J’ai aimé ma lecture jusqu’aux deux tiers du roman, même si j’ai eu du mal avec la note un peu punk, anarchique sans être déjanté. Les faits sont rapportés de telle façon que nous sommes contraints de nous poser énormément de questions. En effet, le sujet de l’intrigue, l’enlèvement de Jojo et les événements qui s’en suivent à son retour, est étudié par un point de vue externe : Jojo ne prend jamais la parole. On ne sait pas les raisons de l’enlèvement, ce qu’il a subi pendant sa disparition, encore moins pourquoi il est retrouvé abandonné quelques jours plus tard. Idem, comme l’indique la quatrième de couverture, la transformation qui aboutit au bout de quelques jours amorce énormément d’hypothèses et d’interrogations. Notre intérêt est titillé si bien que, avec en plus des chapitres plus ou moins courts et une maquette aérée, les pages se tournent extrêmement vite. D’ailleurs, un chapitre sur deux (ceux consacrés à Sasha) indique la date, on a donc un excellent repère chronologique pour l’enlèvement et ce qui va suivre, le tout sans alourdir la narration.
J’ai bien aimé, sauf la fin. Déjà parce qu’on assiste à un déchaînement de violence qui ne s’explique pas. La transformation de Jojo laisse évidemment place à des bains de sang. Je le comprends. Mais je n’admets pas tout simplement pas les gestes réciproques entre lui et Sasha. J’ai le sentiment que c’est balancé violence sur violence pour éveiller les consciences, froisser les mœurs ou je ne sais pas pourquoi, mais ça casse tout, de l’ambiance à la cohérence des personnages. De plus, on n’obtient aucune réponse. On ne sait pas quel était le but de l’enlèvement, pourquoi Jonathan, etc.
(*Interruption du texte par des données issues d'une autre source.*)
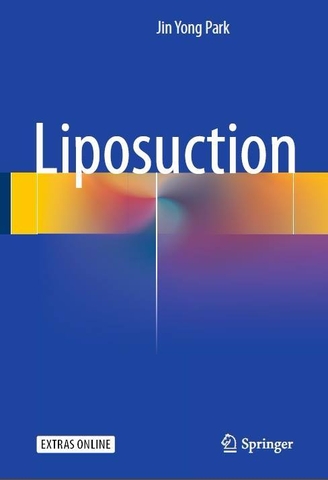 Sách liposuction 1st ed. 2018 edition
Le dernier sentiment fut la frustration, d’avoir assisté à tant de violence pour que dalle…
La personnalité, la folie des personnages n’a pas permis un attachement à ces derniers mais je reconnais que suivre leurs pensées, leur cheminement fut intense. Entre la mère qui nous paraît de plus en plus aliénée par ses actes passés et actuels et Sasha, qui n’évolue pas forcément bien en compagnie de Jojo, on plonge forcément dans une sorte d’ambiance très glauque, ce qui n’aide pas à apprécier les caractères. Je plains seulement les deux amis de Sasha, Jojo n’ayant rien voulu de tout ça, Brahim n’ayant pas d’opinion à donner sur tout ce qui se passe. C’est simple, il joue le rôle de l’oméga dans ce trio en marge…
Le style d’écriture se lit parfaitement bien. J’apprécie d’autant plus que l’alternance de point de vue est marquée par le changement de ton et de lexique, ce qui donne un effet très réussi. On sait parfaitement qui parle, quand, à quel point sa psychologie - sa folie - évolue au fil de la lecture.

J’ai passé un bon moment mais ça s’arrête malheureusement là. Ca se lit très bien, notamment avec les chapitres courts et l’alternance de point de vue. Pourtant les personnages, malgré un début prometteur, ne m’ont pas attirée, si bien que j’ai lu le livre avec une certaine distance, curieuse de découvrir le fin mot sans m’investir davantage. Ma plus grosse déception concerne la fin, qui n’apporte aucune explication sur l’enlèvement et les causes de la métamorphose, me laissant sur de la frustration. Je ne parle même pas de la violence, parfois gratuite. Je retiendrai essentiellement l’ambiance travaillée et la transformation soigneusement décrite.